Epistemology is a branch of philosophy in which we consider the nature of knowledge.
- What is knowledge?
- What is the human role in defining it?
- How does it change?
These are all questions epistemologists consider. For educators, these are questions that need no attention; they are to be considered in graduate courses, perhaps the focus of a research paper, then promptly ignored as they distract form the practical work of teaching and learning. While educators may choose to ignore epistemology (and ignore it like it is a four-lettered word…one of those words that merits a trip to the office when used by a student), epistemology does have important implications for how teachers design learning experiences and how they give students feedback. Even if there are now principles of epistemology articulated in the design process, all learning activities can be interpreted as embodying epistemological assumptions.
Consider the certainty of knowledge; epistemologists differentiate approaches to teaching and learning based on the assumptions about our confidence that what we know is accurate and unchanging.
For some epistemologists (and teachers) knowledge is well-known and unchanging. While this may seem an untenable position in today’s landscape of rapidly changing information technology and scientific discovery, those who advocate this position will adopt a more broad view of knowledge. Those who hold that reading and writing and the ability to perform calculations are fundamental skills in which all other knowledge (and all future learning) is grounded. They may also hold certain ethical stances towards knowledge, information, and ideas are unchanging as well.
Those who hold the opposite epistemological assumptions hold that both the skills necessary for knowledge to be created and the stances towards information, artifacts, and ideas are dynamic. For me, this seems the more sophisticated stance and the one that leads to knowledge that is more responsive to the advancement of knowledge.
Consider the example of the mascots nicknames given to sports teams; in recent years there has been an increasing trend to replace those names and images that can be interpreted as racist or otherwise offensive. Those who see knowledge as fixed are likely to oppose (or at least be ambivalent) to those changes.

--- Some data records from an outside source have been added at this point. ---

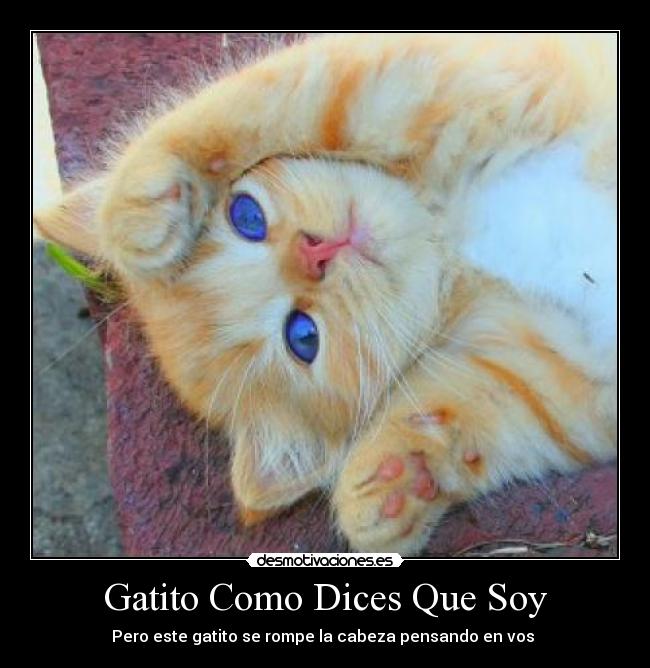 carteles sheshe galvan desmotivaciones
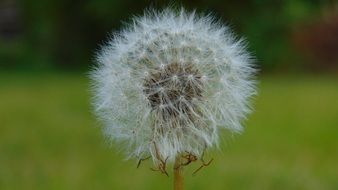 dandelion on a blurry background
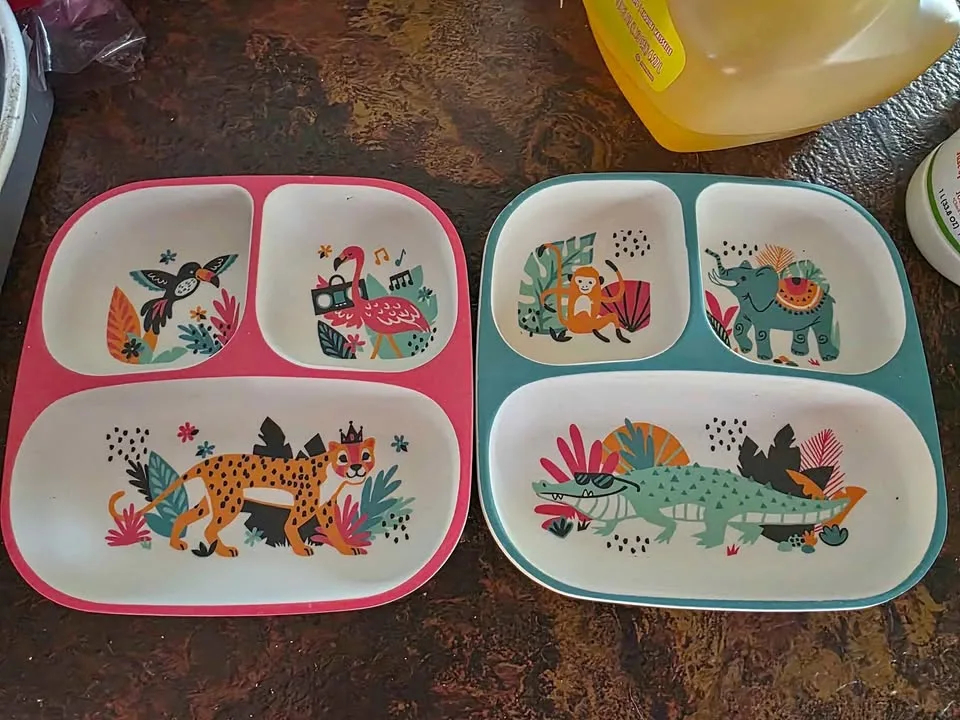 Jump Kids World Bamboo Plates (Set of 2) - $5 thumbnail
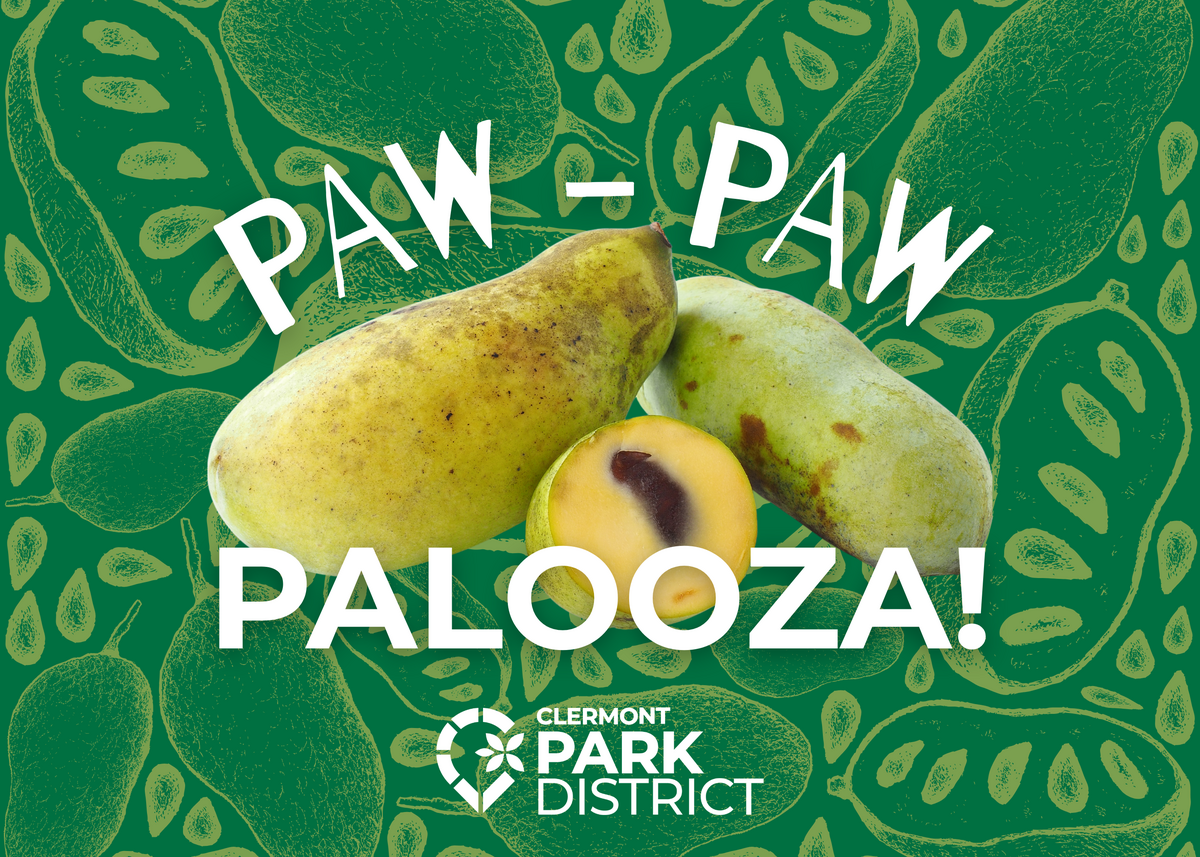 pawpaws
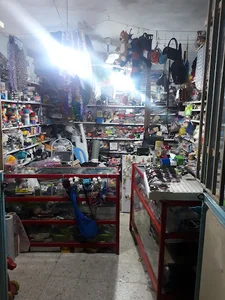 خرازی پریناز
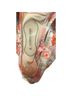 Cupshe Floral Pink One Piece Swimsuit Size M - photo 6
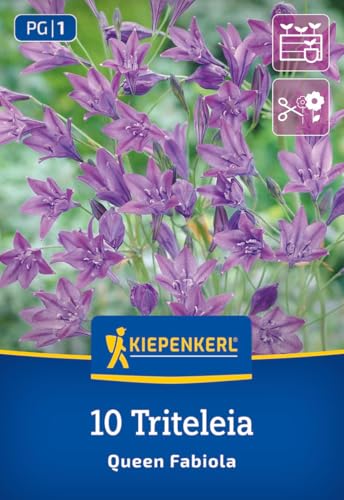 kiepenkerl-fr-hlingsstern-queen-fabiola-blumenzwiebeln-blau-mehrj-hrig-k-belgeei image 7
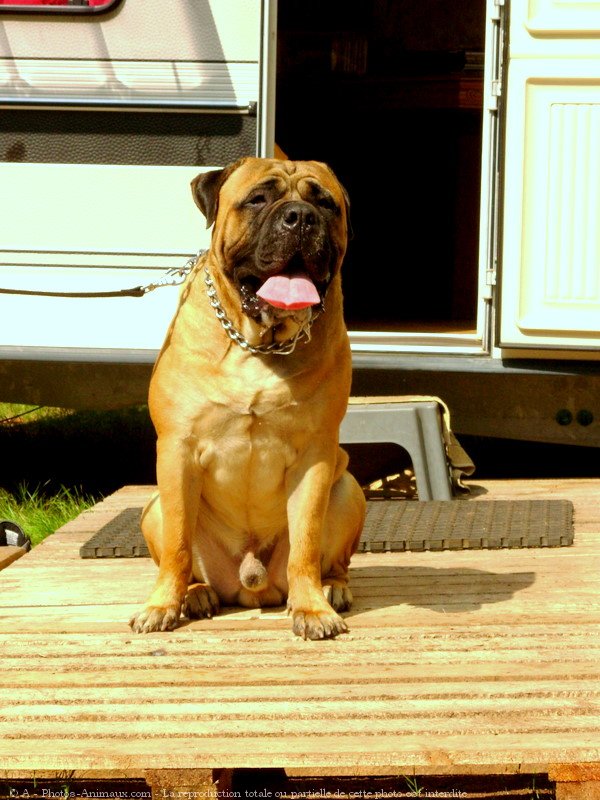 Photo de Bullmastiff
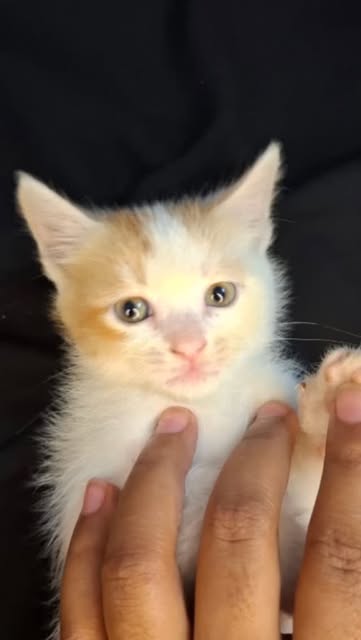 #Cat Reel by @_artof.cakes_ - কালাভুনা😶‍🌫️🐈‍⬛

#cakedecorating #cat #catlovers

They will claim the historic symbolism of these images and names is knowledge that must be conserved. Those who advocate the changes will claim our society has developed deeper and more sophisticated understanding and that the oppression associated with those names and images represents new (or t least more widely-recognized) societal knowledge that should be reflected in our language and symbols.
As the internet and web 2.0 tools (including social media) have put the ability to create, curate, and disseminate information into the hands of any person with modest resources and skill, the range of sources has expanded. Today, we have fiction, non-fiction, opinion, fiction presented as non-fiction, and purposely prepared fabrications in the information landscape and it is difficult to perceive the differences. Those who believe knowledge is changing will suggest being literate in this new information landscape requires the ability to differentiate kinds of information and that reading instruction should change to reflect that reality. Those who hold knowledge is fixed argue that the ability to understand text is sufficient and are likely to see teaching how to differentiate information as an unnecessary intrusion into one’s beliefs.